++++ Dataset records ++++
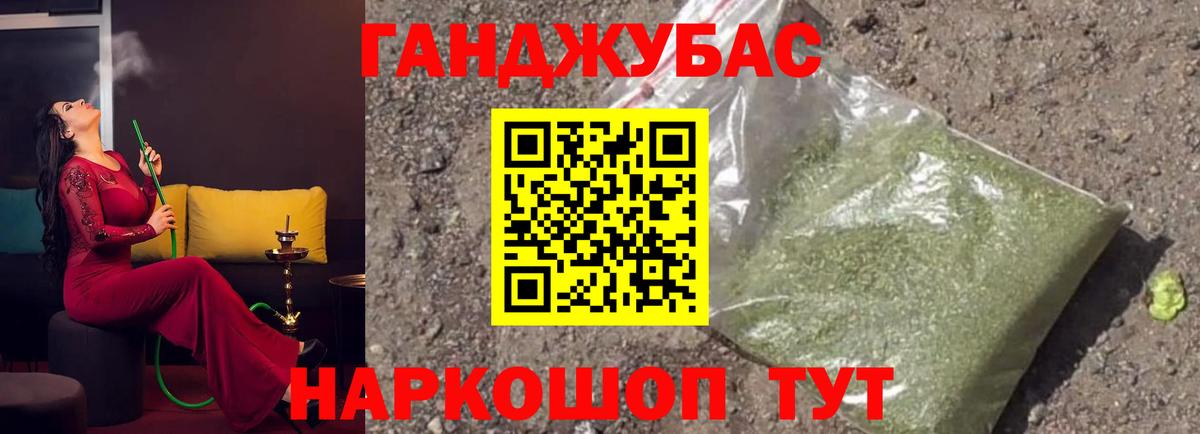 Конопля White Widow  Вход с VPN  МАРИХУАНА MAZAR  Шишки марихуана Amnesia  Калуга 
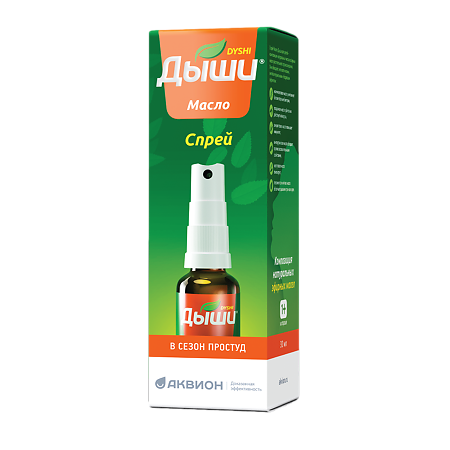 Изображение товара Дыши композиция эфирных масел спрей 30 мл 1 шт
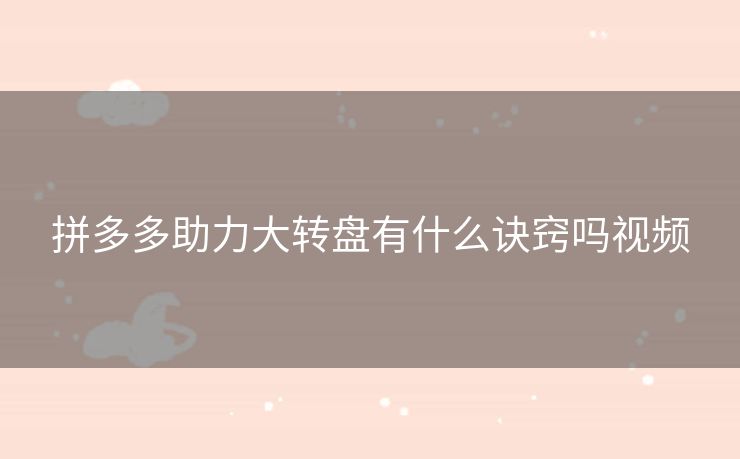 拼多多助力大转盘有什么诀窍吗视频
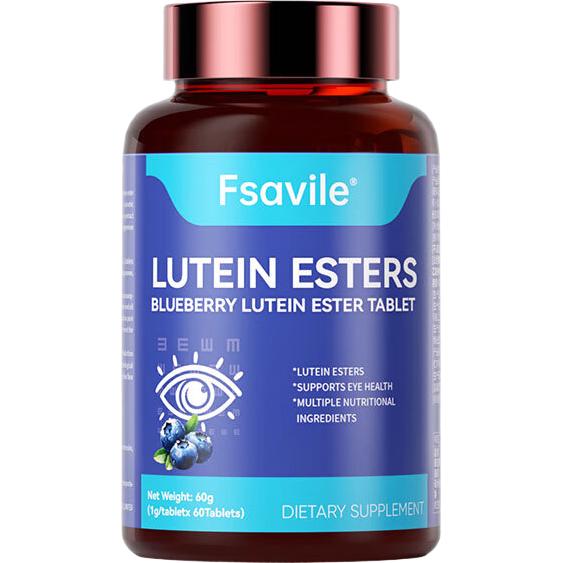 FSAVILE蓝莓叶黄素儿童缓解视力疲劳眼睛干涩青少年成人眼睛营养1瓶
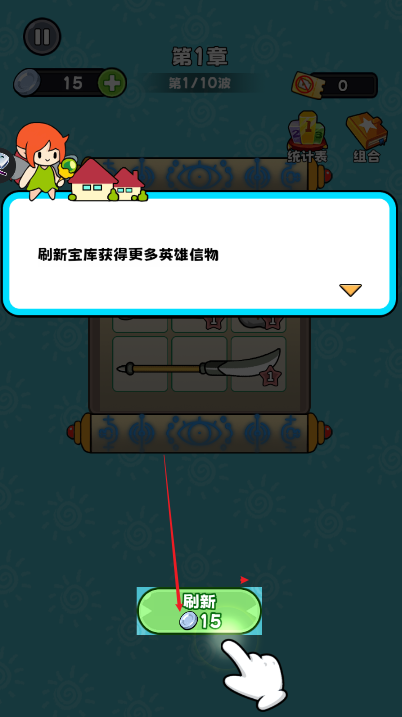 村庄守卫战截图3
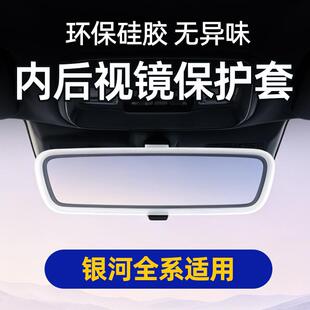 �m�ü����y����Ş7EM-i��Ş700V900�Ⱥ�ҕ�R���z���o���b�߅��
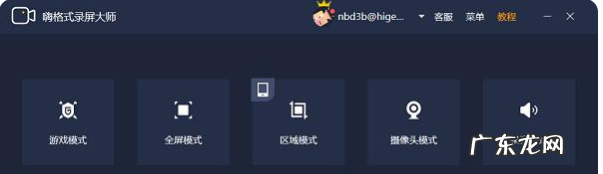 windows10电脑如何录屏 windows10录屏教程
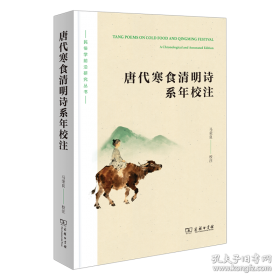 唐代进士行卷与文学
++++
* Problem *
Exactly the lines from the one holding "拼多多助力大转盘有什么诀窍吗视频" through the last line of the entries, both included, are to be duplicated; leave the pictures out.

* Written answer *
 拼多多助力大转盘有什么诀窍吗视频
 FSAVILE蓝莓叶黄素儿童缓解视力疲劳眼睛干涩青少年成人眼睛营养1瓶
 村庄守卫战截图3
 �m�ü����y����Ş7EM-i��Ş700V900�Ⱥ�ҕ�R���z���o���b�߅��
 windows10电脑如何录屏 windows10录屏教程
 唐代进士行卷与文学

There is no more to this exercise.